Our method is implemented as a fairseq criterion, enabled via:

--criterion smrt_cross_entropy

It takes in a pretrained Fairseq paraphraser and data directory for the corresponding dictionary:

--paraphraser-model /path/to/paraphraser/paraphraser.pt  
--paraphraser-data-dir /directory/containing/directory/ 

During training, our new objective is mixed with standard label smoothed cross entropy training. To control the fraction of the time the new objective is used:

--prob-use-smrt 0.5

Finally, to control the amount of variation introduced when sampling a path from the paraphraser:

--paraphraser-sample-topN 100

Installation Instructions

To install in a conda environment:

git clone git@github.com:thompsonb/fairseq-smrt.git #or git clone https://github.com/thompsonb/fairseq-smrt.git
cd fairseq-smrt
conda create -n fairseq-smrt python=3.7 pytorch=1.4.0 torchvision=0.5.0 -c pytorch
source activate fairseq-smrt
pip install --editable . #this command needs to be run from inside the fairseq-smrt directory. 
pip install 'tensorboard==2.2.1'
pip install 'tensorboardX==2.0'

Paraphraser Model

We release a pre-trained paraphraser model trained on the ParaBank2 dataset, along along with its associated vocabulary, and the SentencePiece model.

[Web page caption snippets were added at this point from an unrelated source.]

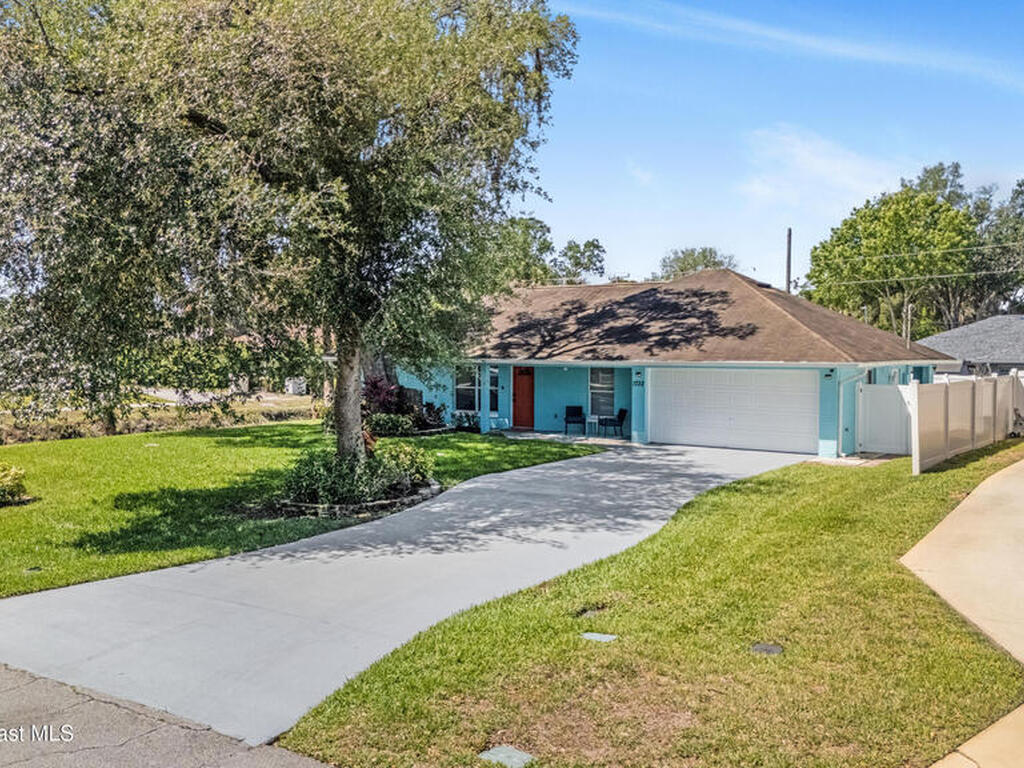 1732 Sabal Palm Drive, Edgewater, FL 32132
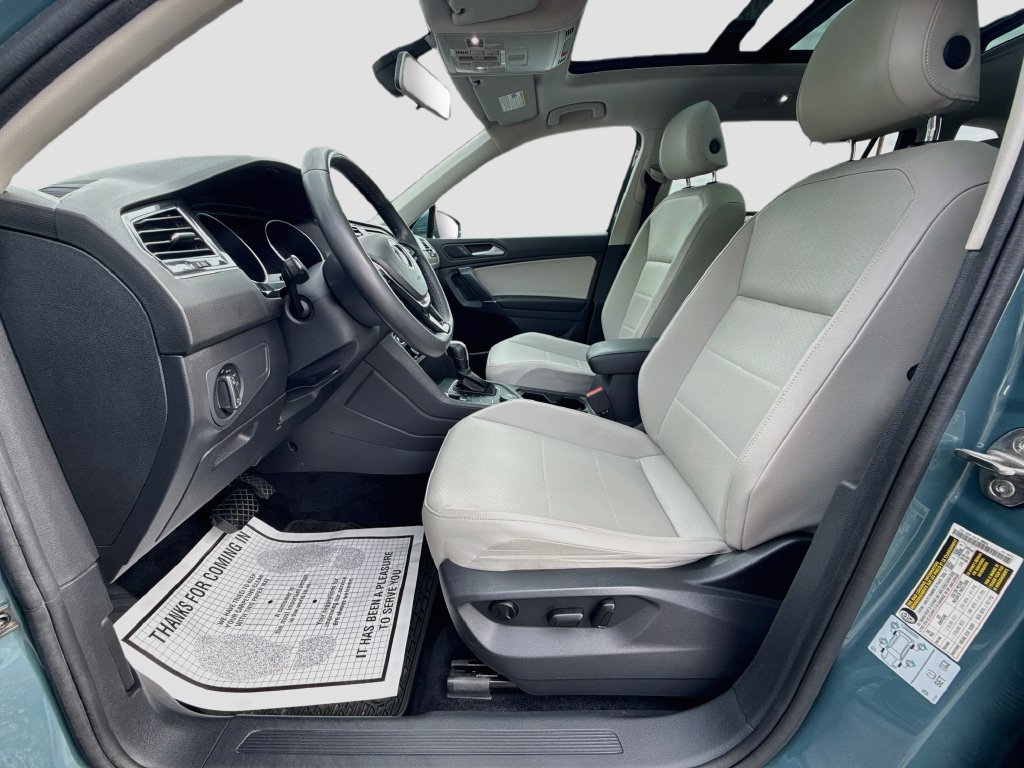 Used 2020 Volkswagen Tiguan SE w/ Panoramic Sunroof Package AWD/4WD image 26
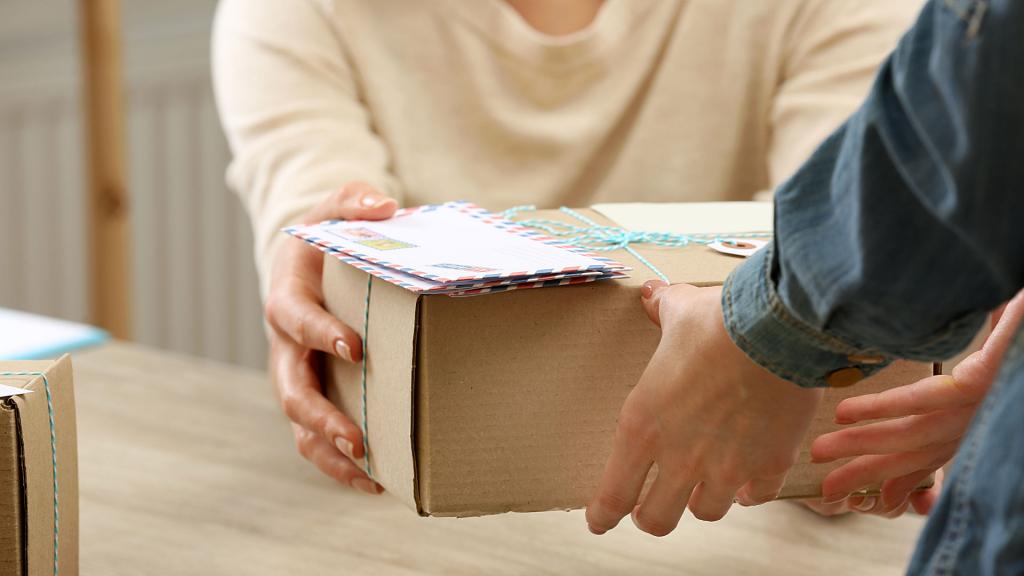 pakket en pakket wat is het verschil mail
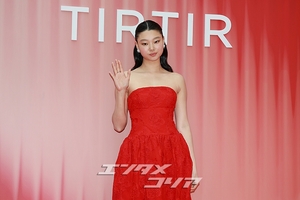 【フォト】パク・ジェニー＆ペ・ユニョン「キッチュVS堂々」それぞれの魅力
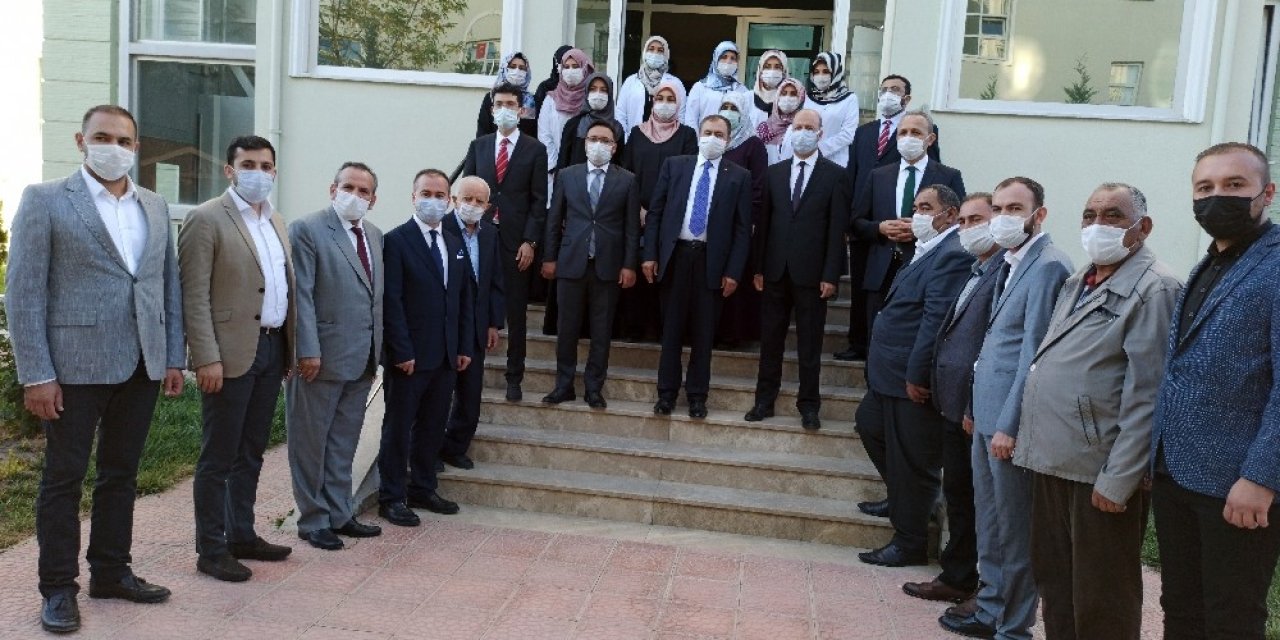 Emine Erdoğan İlim ve Kültür Merkezinde devir teslim töreni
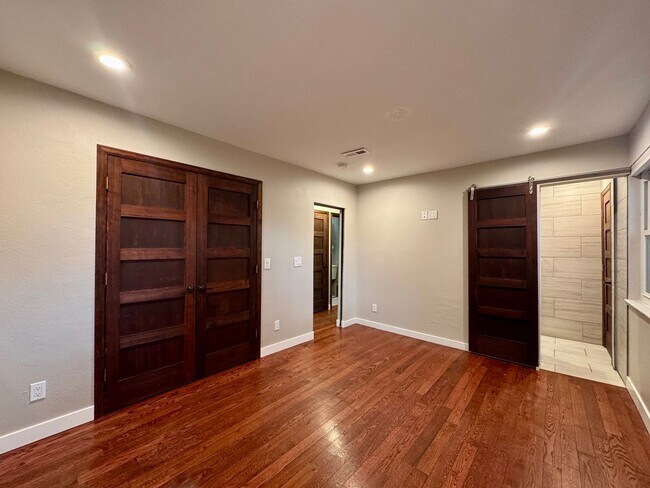 Building Photo - Updated 3 Bedroom 2 Bath Single Family Hom...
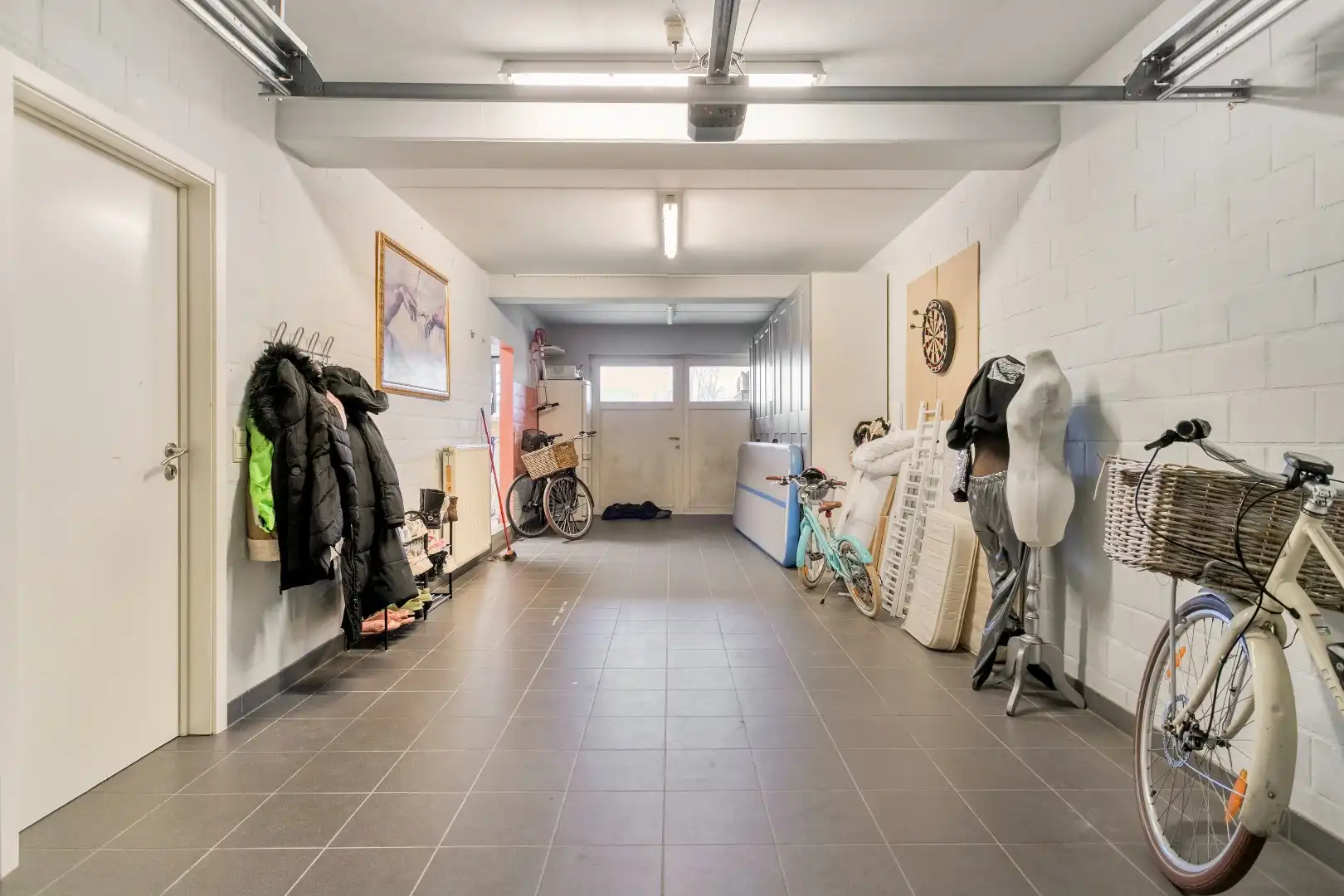 Rustig gelegen gezinswoning met zicht op natuurgebied, tuin en garage voor 2 wagens. foto 11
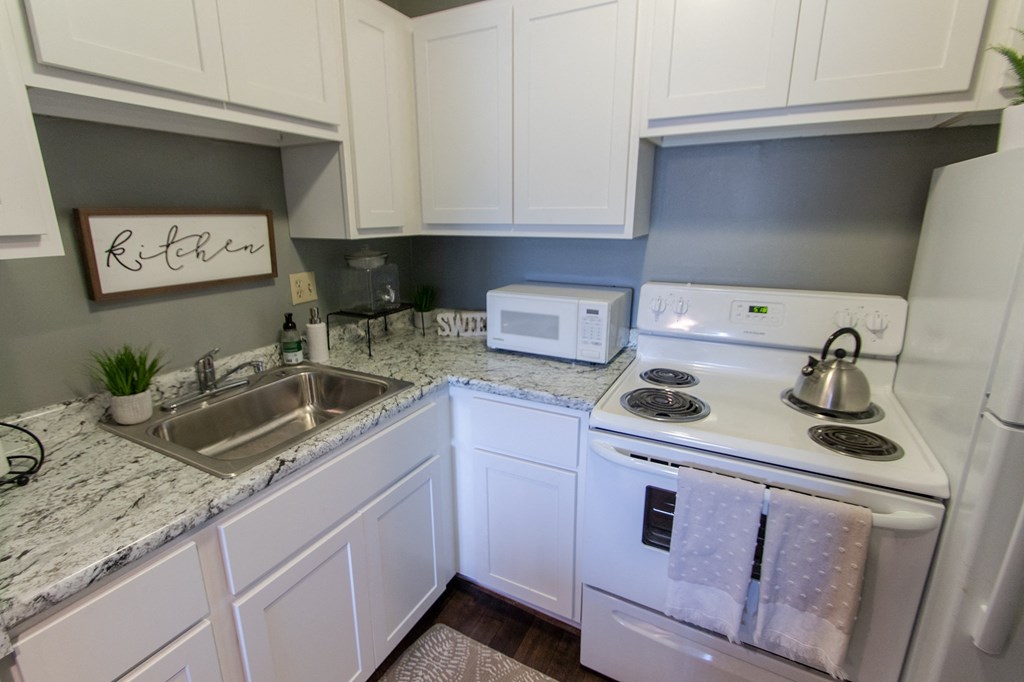 This is a picture of the kitchen in a 549 square foot 1 bedroom, 1 bath apartment at Romaine Court Apartments in the Oakley neighborhood of Cincinnati, Ohio.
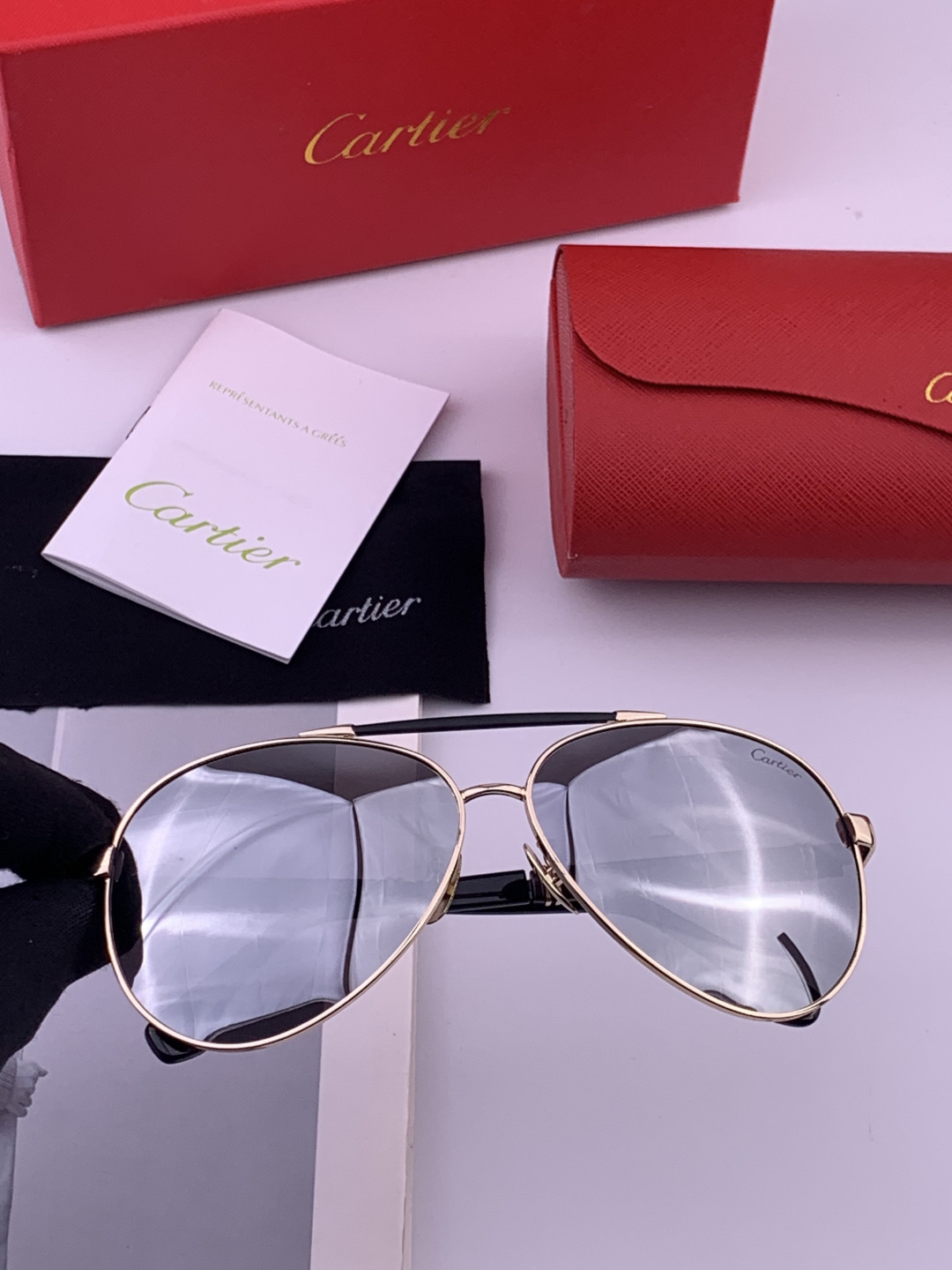 【Cartier  卡地亚】 👑男女款偏光墨镜  双色烤漆工艺  进口宝丽来偏光镜片   顶级做工彰显非凡品味 高品质 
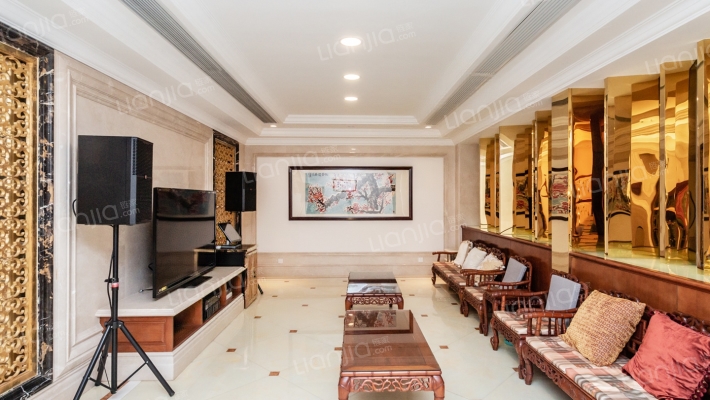 佘山月湖山庄二手房实景图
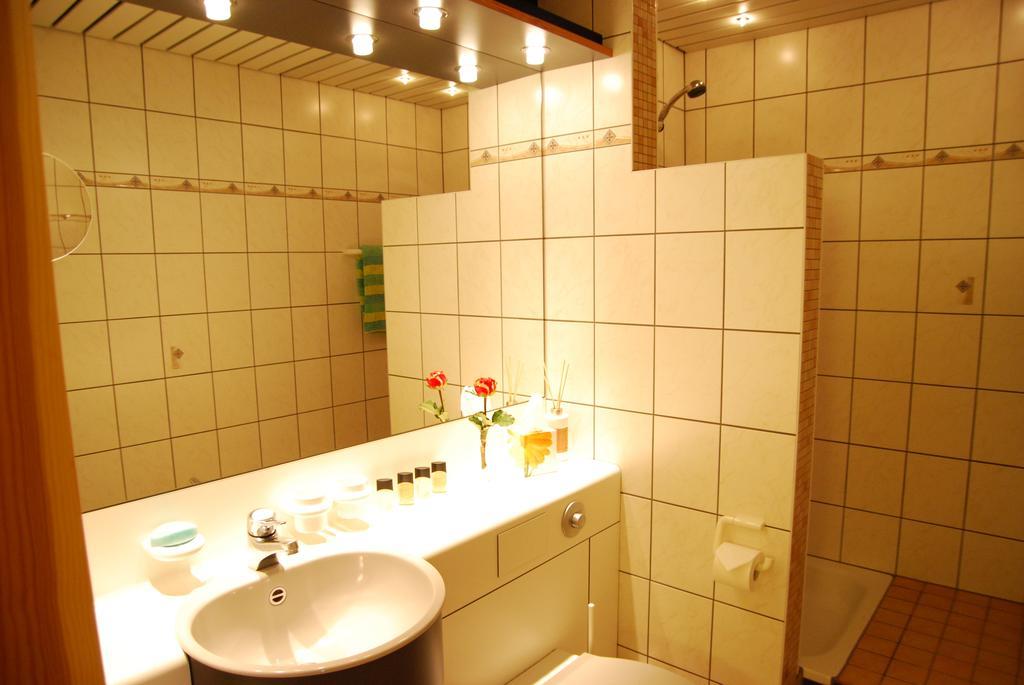Hotel Central Göttingen Oda fotoğraf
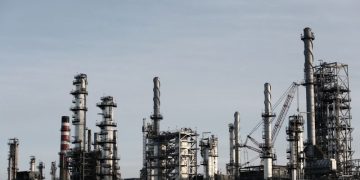 Нефтедобыча в России сократится на 500 тыс. баррелей в сутки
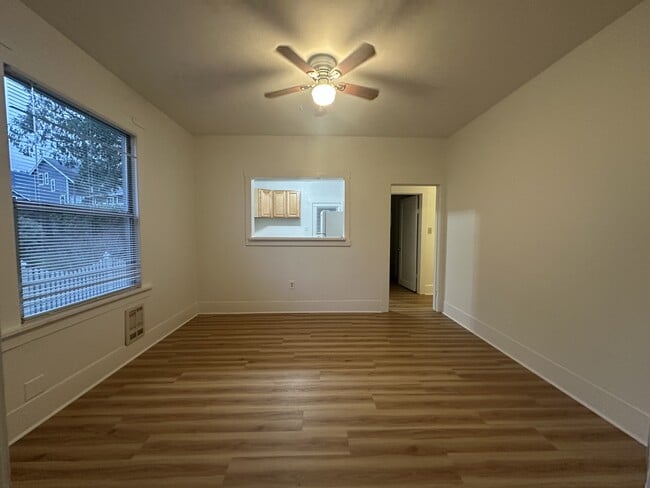 Building Photo - 7951 Maple Ave SE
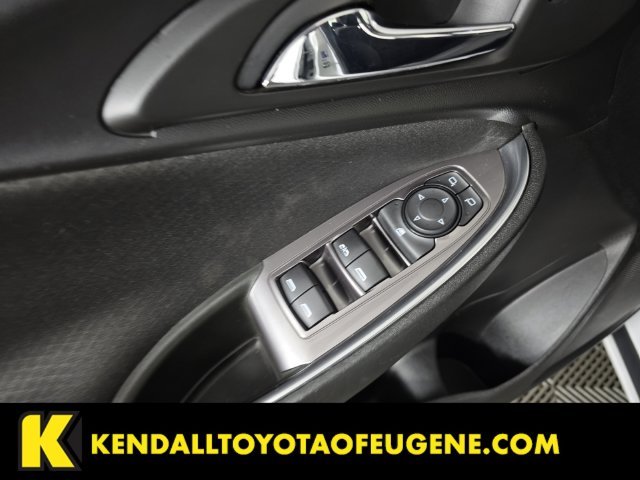 Used 2021 White Chevrolet LT image 22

In order to use this paraphraser in MT training, you must apply this SentencePiece model to the target side of your training data, and use this dictionary in training.

Replication Example

Below are commands to replicate one of the experiments (hu-en) from the paper. We assume you have followed the installation instructions above. You should run on a machine with a GPU and CUDA. Other language pairs follow the same pattern.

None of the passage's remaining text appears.